I believe at a recent town hall meeting/protest of health care, an independent photojournalist showed up to tape the proceedings. He was pummelled by the Obama supporters who are now being organized to show up.
He said he had never been treated more roughly, anywhere, before. His camera equipment was ruined, his glasses ruined, clothes dishevelled and I believe torn, he may have been injured. Not sure yet.
I continue to believe in self-defense. You must fight back. Protest itself need not turn violent, but if they initiate the violence, I do not believe in turning the other cheek.
Some Obama supporters will simply show up to indicate that they support him still. However, others are clearly engaging in force to initiate repression. *These* are committed fascists of the worst sort. They enjoy violence and will sleep well at night, after having bloodied noses, twisted arms, pushed, shoved, punched, and bruised. A day’s good job well done, to them. They’ll not be turned aside by peaceful quiet mumblings. And they will not doubt their rightness.
I’d fight back.
Apologies – I meant “oppression”, not “repression”.

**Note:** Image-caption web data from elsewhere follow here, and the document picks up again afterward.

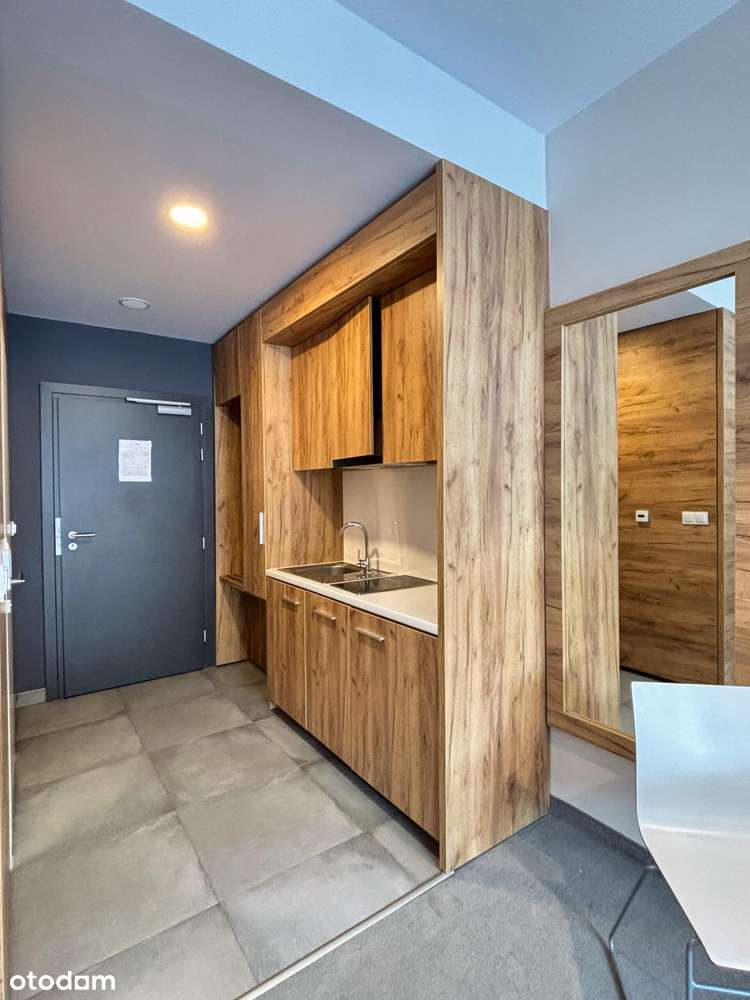 Czarna Góra, aparatament z  miejscem parkingowym w garażu podziemnym.-7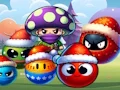 لعبة Joyful Ball Bounce Mushroom Magic Adventure على الانترنت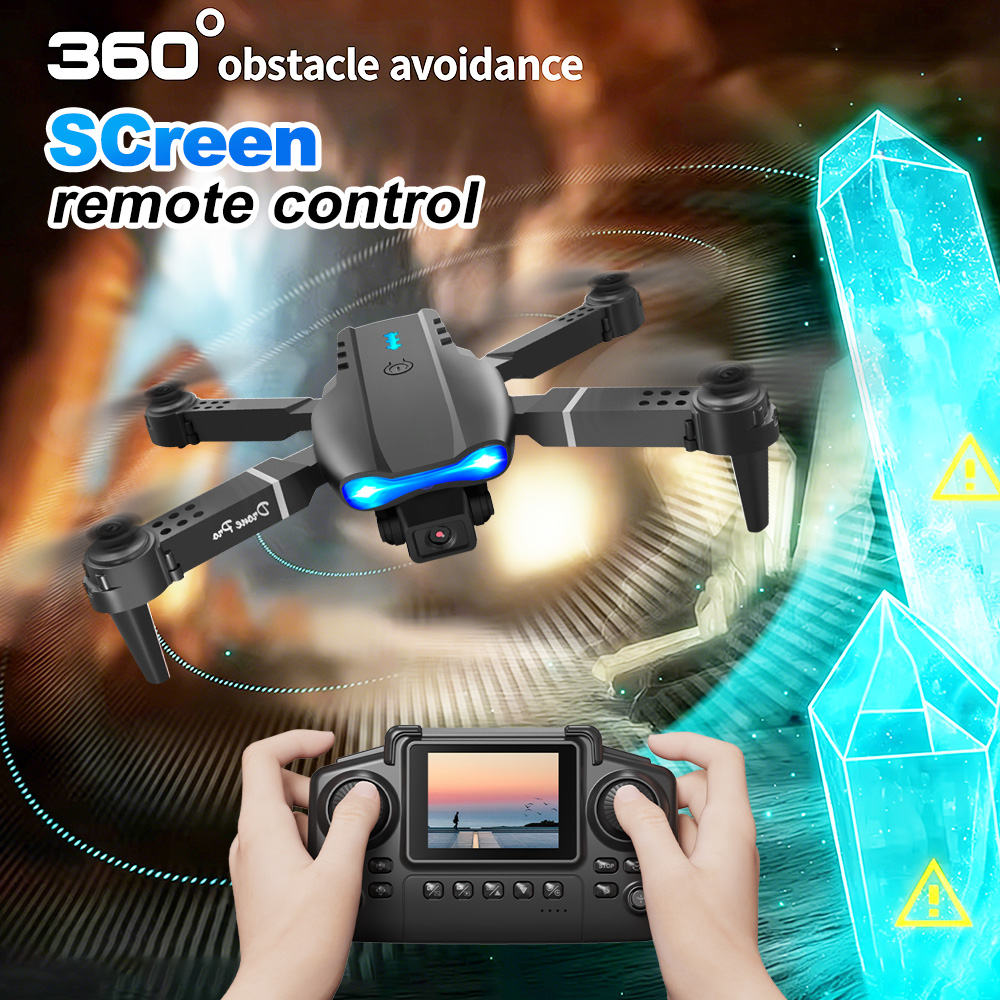 Aerial Drone Dual Lens Switch  - مراجعة Drone Aerial Photography وسعره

It’s a rather funny image, engaging in force to initiate repression. Beating yourself into a bloody pulp while saying “No! I do *not* want that extra piece of chocolate cake! No!” Over and over…
You can clearly hear these words as the guy with a camera went up to the two Black Panthers standing in front of the poll station.
“You got my back right”
You need a body guard for these protests, if you want to photograph or take video of the thugs in action. Why? Because they’re not going to let you get away with evidence, unless there’s like 5 cameras going on once or something or if you have a blocking force.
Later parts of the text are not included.